**Exercise directions**
Set down the listing exactly as given, minus images.

**Dataset section**
.....
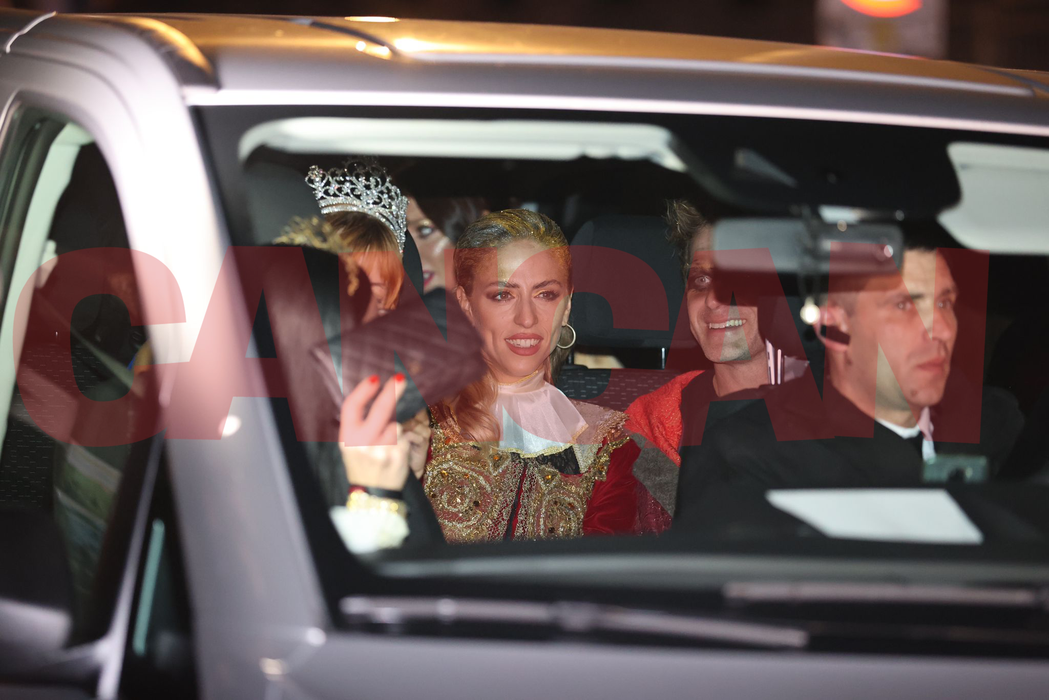 Parada ținutelor inedite! Invitații lui Musk ”fierb”! Începe mega-party-ul la Castelul Bran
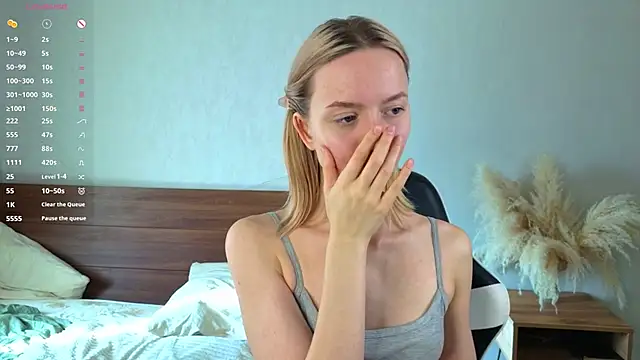 IdaValenti online show from 11, 10, 2025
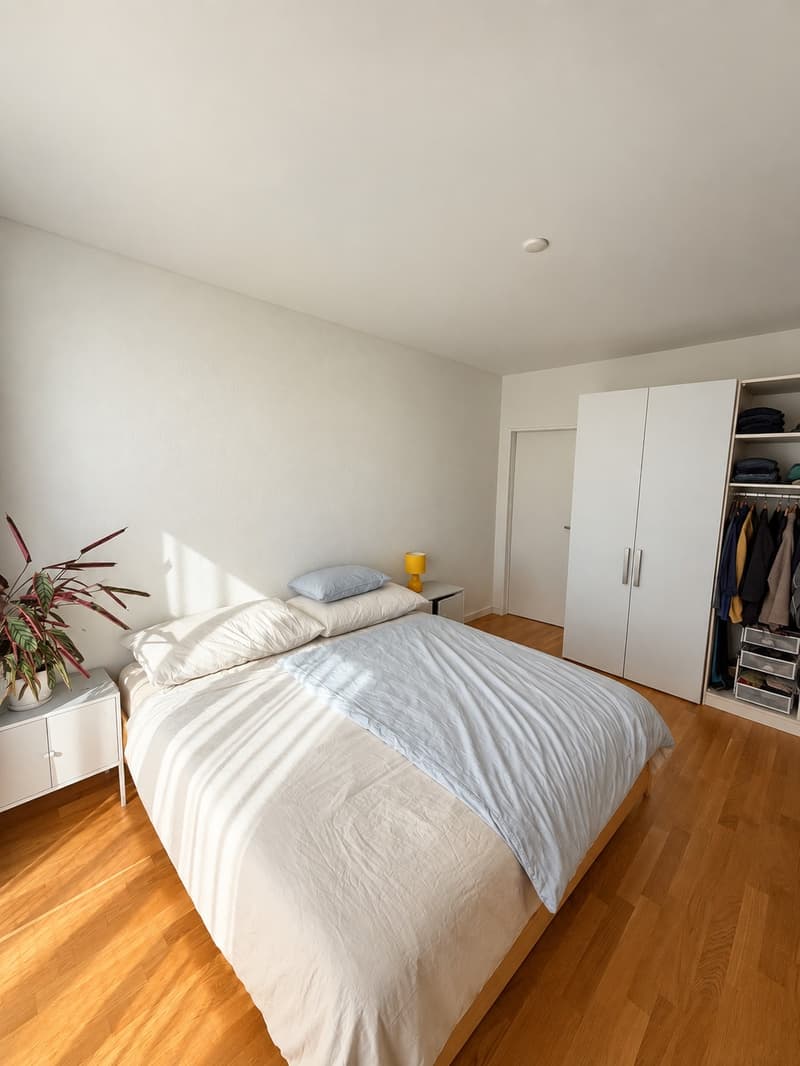 Helle 3.5-Zimmer-Wohnung im 5. OG mit Loggia und Balkon in Kriens (7)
.....
**Task response**
 Parada ținutelor inedite! Invitații lui Musk ”fierb”! Începe mega-party-ul la Castelul Bran
 IdaValenti online show from 11, 10, 2025
 Helle 3.5-Zimmer-Wohnung im 5. OG mit Loggia und Balkon in Kriens (7)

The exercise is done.